One question is whether the state government possesses the statutory power to impose a mandatory accident insurance amount for every passenger using a cab service, given the coexistence of central motor-vehicle legislation that traditionally governs insurance requirements for commercial passenger transport. The answer may depend on whether the underlying legislative framework grants the state competence to prescribe insurance levels, or whether such prescription infringes upon the uniformity intended by the central statute, thereby potentially inviting a challenge on the ground of legislative competence.

Another possible legal issue is whether the prohibition on adding new two- or four-wheel vehicles that are not powered by clean fuel can be justified under the state’s environmental and transportation regulatory mandates, especially when the central framework may already delineate fuel-type standards for vehicles. A competing view may argue that the restriction exceeds the scope of the state’s authority if the central legislation reserves vehicle-type approvals and fuel standards to the national regulator, raising the prospect of a pre-emptive conflict and a basis for judicial review on the ground of ultra-vires action.

Perhaps the procedural significance lies in the manner by which these requirements were promulgated, since affected aggregators and cab operators may claim a lack of adequate consultation, notice, or opportunity to be heard, thereby invoking principles of natural justice embedded in administrative law. The safer legal view would depend upon whether the rule-making process complied with the procedural safeguards prescribed by the applicable statutes, as any deficiency could render the regulation vulnerable to being set aside for violation of due-process requirements.
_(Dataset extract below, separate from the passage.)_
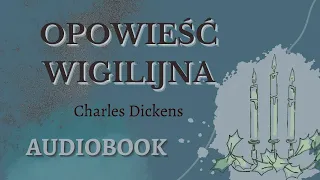 Karol Dickens - Opowieść wigilijna AUDIOBOOK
A further legal question concerns the consequences for non-compliance, specifically whether the state can impose civil penalties, suspend licences, or enforce criminal sanctions without explicit statutory authority, and how such enforcement mechanisms align with the presumption against punitive measures lacking clear legislative backing. If later facts reveal that aggregators or cab providers are penalised absent a clear statutory provision, the issue may shift to whether the punitive action contravenes the principle that penalties must be reasonable, proportionate, and anchored in law, thereby inviting scrutiny under constitutional guarantees of equality and non-arbitrariness.

Ultimately, the resolution of these questions may require clarification from the courts regarding the interplay between state-level regulatory ambitions aimed at passenger safety and environmental objectives, and the doctrinal limits of state power under the overarching motor-vehicle and environmental legislative scheme. A fuller legal assessment would benefit from an examination of the specific statutory language, any delegated authority granted to the state, and the comparative jurisprudence on similar regulatory interventions, which together will determine the durability and enforceability of Haryana’s new insurance and clean-fuel provisions.